Copy the listing exactly as given. Omit every picture.

▸ Source material
"""
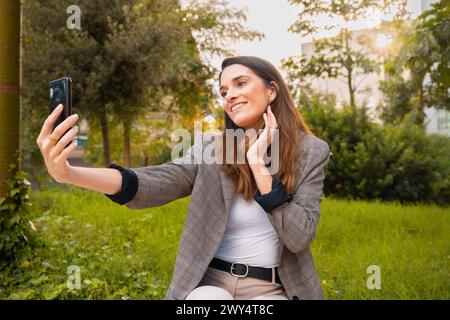 Young caucasian woman taking a selfie with cell phone and smiling outdoors. Stock Photo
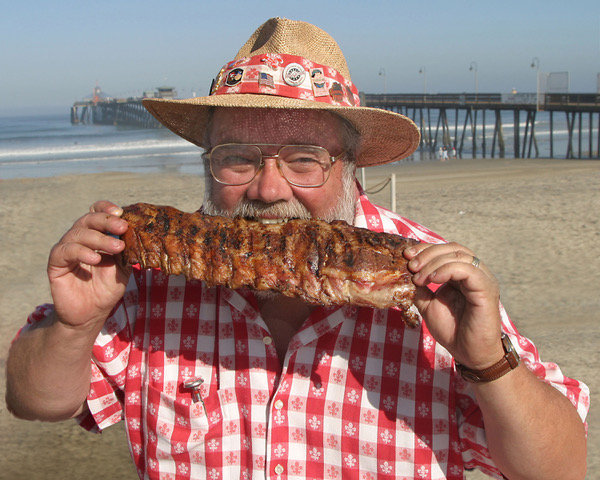 Chef Rick Browne is pictured biting into baby back ribs.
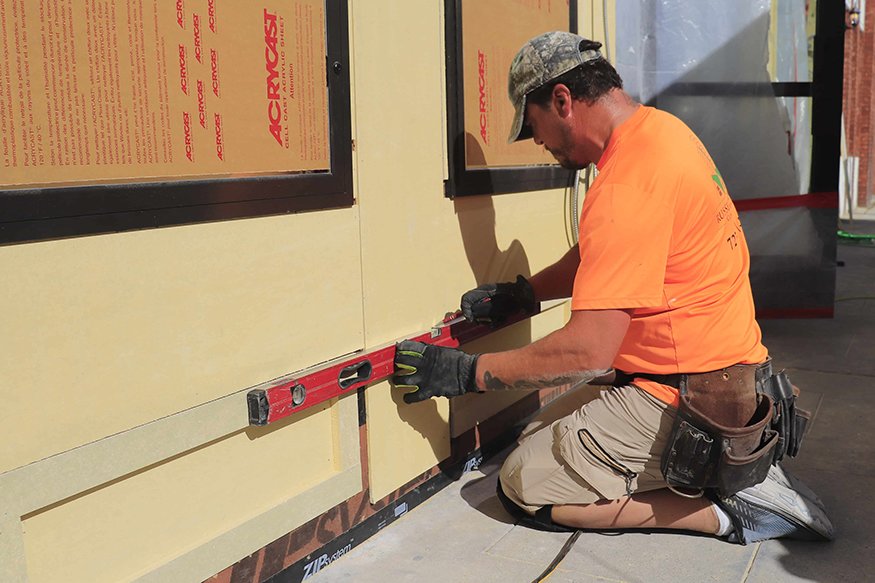 Leveling fiber-cement trim panel on façade.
"""
▸ Your solution
 Young caucasian woman taking a selfie with cell phone and smiling outdoors. Stock Photo
 Chef Rick Browne is pictured biting into baby back ribs.
 Leveling fiber-cement trim panel on façade.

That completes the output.